**WHAT YOU SHOULD DO**. Below are records; reproduce exactly the lines from the first through the one containing "Aura Opal Rings".

EXERCISE INPUT Start Marker

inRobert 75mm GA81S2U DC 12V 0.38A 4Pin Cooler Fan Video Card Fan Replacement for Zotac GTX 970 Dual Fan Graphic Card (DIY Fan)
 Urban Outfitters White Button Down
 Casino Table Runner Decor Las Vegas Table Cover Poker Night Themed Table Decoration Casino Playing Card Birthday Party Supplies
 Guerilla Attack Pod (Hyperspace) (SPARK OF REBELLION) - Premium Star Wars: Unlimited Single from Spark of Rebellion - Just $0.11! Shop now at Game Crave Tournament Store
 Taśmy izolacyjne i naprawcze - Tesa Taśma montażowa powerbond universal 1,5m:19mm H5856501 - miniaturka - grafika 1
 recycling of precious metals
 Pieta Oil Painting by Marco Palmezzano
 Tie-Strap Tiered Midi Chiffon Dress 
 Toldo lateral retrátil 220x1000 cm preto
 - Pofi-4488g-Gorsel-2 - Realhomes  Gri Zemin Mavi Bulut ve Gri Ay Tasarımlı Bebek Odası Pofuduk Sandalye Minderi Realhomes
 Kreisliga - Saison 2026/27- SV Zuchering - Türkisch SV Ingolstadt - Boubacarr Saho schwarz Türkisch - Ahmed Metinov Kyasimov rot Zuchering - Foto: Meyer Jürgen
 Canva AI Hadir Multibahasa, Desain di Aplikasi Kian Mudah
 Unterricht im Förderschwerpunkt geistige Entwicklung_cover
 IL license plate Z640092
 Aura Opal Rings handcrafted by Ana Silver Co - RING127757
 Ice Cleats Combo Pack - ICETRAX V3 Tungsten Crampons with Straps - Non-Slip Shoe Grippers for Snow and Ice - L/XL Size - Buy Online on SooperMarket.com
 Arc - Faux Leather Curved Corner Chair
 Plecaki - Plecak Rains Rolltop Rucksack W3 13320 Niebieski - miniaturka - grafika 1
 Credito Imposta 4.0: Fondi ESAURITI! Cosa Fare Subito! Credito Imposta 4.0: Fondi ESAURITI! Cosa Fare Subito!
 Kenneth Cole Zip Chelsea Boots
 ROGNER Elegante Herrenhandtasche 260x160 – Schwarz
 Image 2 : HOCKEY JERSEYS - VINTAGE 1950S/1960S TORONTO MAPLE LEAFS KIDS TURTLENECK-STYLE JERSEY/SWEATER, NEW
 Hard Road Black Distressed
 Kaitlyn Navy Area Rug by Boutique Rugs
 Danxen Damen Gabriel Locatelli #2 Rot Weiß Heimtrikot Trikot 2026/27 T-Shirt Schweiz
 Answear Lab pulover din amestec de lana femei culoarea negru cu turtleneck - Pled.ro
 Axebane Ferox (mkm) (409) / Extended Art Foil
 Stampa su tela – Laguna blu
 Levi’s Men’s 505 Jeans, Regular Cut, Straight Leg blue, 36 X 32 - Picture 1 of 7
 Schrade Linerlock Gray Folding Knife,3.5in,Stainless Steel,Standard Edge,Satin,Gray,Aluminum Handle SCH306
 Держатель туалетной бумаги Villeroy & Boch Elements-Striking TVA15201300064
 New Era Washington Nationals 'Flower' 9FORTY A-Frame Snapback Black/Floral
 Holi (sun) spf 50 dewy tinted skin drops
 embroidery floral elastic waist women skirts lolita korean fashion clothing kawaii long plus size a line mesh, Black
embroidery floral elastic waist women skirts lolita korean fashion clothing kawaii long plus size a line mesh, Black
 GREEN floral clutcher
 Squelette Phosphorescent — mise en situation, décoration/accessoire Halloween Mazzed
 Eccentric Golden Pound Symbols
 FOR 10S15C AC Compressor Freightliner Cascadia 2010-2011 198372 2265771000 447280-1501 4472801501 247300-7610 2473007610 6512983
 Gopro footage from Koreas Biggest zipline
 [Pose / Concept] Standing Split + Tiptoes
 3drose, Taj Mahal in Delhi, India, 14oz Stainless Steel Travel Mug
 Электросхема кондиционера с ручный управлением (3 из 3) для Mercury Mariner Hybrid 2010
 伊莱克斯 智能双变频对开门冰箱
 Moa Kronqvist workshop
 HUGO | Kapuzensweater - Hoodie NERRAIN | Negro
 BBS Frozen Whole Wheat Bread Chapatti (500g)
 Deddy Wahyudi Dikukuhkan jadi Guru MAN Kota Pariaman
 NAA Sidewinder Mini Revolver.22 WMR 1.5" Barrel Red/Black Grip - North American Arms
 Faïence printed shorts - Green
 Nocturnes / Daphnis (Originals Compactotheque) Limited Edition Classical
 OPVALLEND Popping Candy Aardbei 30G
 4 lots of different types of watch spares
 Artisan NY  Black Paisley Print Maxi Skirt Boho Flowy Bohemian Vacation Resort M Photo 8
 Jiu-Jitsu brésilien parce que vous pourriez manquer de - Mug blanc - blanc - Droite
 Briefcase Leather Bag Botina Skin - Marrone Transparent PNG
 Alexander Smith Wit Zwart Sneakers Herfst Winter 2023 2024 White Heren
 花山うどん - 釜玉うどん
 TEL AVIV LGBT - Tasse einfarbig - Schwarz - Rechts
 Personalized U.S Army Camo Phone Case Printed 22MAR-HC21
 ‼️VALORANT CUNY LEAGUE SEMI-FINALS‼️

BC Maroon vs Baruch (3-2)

EXERCISE INPUT End Marker

**REPLY TO THE TASK**.
inRobert 75mm GA81S2U DC 12V 0.38A 4Pin Cooler Fan Video Card Fan Replacement for Zotac GTX 970 Dual Fan Graphic Card (DIY Fan)
 Urban Outfitters White Button Down
 Casino Table Runner Decor Las Vegas Table Cover Poker Night Themed Table Decoration Casino Playing Card Birthday Party Supplies
 Guerilla Attack Pod (Hyperspace) (SPARK OF REBELLION) - Premium Star Wars: Unlimited Single from Spark of Rebellion - Just $0.11! Shop now at Game Crave Tournament Store
 Taśmy izolacyjne i naprawcze - Tesa Taśma montażowa powerbond universal 1,5m:19mm H5856501 - miniaturka - grafika 1
 recycling of precious metals
 Pieta Oil Painting by Marco Palmezzano
 Tie-Strap Tiered Midi Chiffon Dress 
 Toldo lateral retrátil 220x1000 cm preto
 - Pofi-4488g-Gorsel-2 - Realhomes  Gri Zemin Mavi Bulut ve Gri Ay Tasarımlı Bebek Odası Pofuduk Sandalye Minderi Realhomes
 Kreisliga - Saison 2026/27- SV Zuchering - Türkisch SV Ingolstadt - Boubacarr Saho schwarz Türkisch - Ahmed Metinov Kyasimov rot Zuchering - Foto: Meyer Jürgen
 Canva AI Hadir Multibahasa, Desain di Aplikasi Kian Mudah
 Unterricht im Förderschwerpunkt geistige Entwicklung_cover
 IL license plate Z640092
 Aura Opal Rings handcrafted by Ana Silver Co - RING127757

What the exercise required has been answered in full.